Given that the Bills' most dangerous receiver, Sammy Watkins, is on the injured-reserve list with a chronic foot issue, Clay has emerged as the best and most reliable of Taylor's targets. McCoy, who ranks second on the Bills with 19 catches for 95 yards and a touchdown, is next on the list, even though wide receiver Robert Woods leads the club with 20 receptions for 196 yards.
"I'd like to think that, a majority of the time, any kind of man-to-man situation, I feel like that's why they brought me here," Clay said. "Talking to Tyrod, he depends on me to get open in certain situations like that. That's something I kind of hang my hat on, doing everything I can to get open as fast as I can so he doesn't have to just sit back there. There's a lot of things going on back there, so as comfortable as I can make him, I try to."

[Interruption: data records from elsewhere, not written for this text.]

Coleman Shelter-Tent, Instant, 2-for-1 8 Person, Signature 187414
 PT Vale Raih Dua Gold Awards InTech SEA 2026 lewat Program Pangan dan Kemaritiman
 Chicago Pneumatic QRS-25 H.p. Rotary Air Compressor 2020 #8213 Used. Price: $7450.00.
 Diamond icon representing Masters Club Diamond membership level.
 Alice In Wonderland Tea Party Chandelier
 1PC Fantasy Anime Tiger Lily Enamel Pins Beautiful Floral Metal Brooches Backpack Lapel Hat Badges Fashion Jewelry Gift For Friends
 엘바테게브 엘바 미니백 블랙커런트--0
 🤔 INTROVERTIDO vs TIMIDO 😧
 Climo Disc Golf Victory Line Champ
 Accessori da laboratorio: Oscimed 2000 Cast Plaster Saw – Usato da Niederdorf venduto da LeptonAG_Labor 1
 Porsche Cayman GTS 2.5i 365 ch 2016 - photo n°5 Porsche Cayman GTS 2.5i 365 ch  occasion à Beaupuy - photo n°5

Taylor feels that comfort.
"Definitely, his matchups cause problems for the other defenses, whether it's a safety or a linebacker, and he catches the ball very well, runs very good routes," the quarterback said. "So the more than we can use him, the more I can get the ball to him, the better we are as an offense."
The results aren't showing up on a grand scale. The Bills rank last in the NFL in passing offense.
Still, last year, after the Bills made him one of the highest-paid tight ends in the league to pry him out of Miami as a restricted free agent, Clay didn't have an overwhelming impact. In 13 games, he caught 51 passes for 528 yards and three touchdowns.
He's pretty much on the same statistical pace, although there is reason to believe his involvement will steadily increase, especially without Watkins in the lineup for most, if not all, of the rest of the season. After Watkins publicly demanded more targets early last season, Clay and the other pass-catchers saw less of the ball.
Now, Clay believes Taylor has a far greater awareness of his capabilities after studying video of all of his 13 games last season and seeing opportunities to throw to him on which Taylor didn't always capitalize. In many cases, Clay would be open in the middle of the field, where Taylor tended not to look often enough.
That hasn't been the case as much so far this season.
"When you go back and look at film over last year, there's always things that you look at, and I think that was kind of one of those things," Clay said. "And I mean, it was our first year in this offense together, so it might be times where he'd see a good cover safety on me and may think, 'OK, I'm going to work this receiver on this guy.' I wouldn't say not expecting me to get open, but he would like this matchup better than this one. And you go back on the film and you see I was open and it's like, 'OK, if we get in that situation again, I'll go to Clay this time.'
"And I kind of feel like that's how it is now is just after going back and watching film last year, and kind of working with him this offseason, I feel like he kind of has a better feel for how I run routes and I kind of have a better feel for what he's looking for as opposed to last year."
Clay isn't crowing about his performance, because that isn't his style and he recognizes that what he has done is far from spectacular. He also readily acknowledges that the Bills' run-first scheme won't allow for a whole lot of big receiving numbers for anyone on the team.
Clay's biggest concern is to continue to do as much as he can to help extend the team's three-game winning streak.
"There's always things you can get better at," he said. "But the biggest thing is just trying to take advantage of those opportunities I get and try to be there for my teammates when my number's called."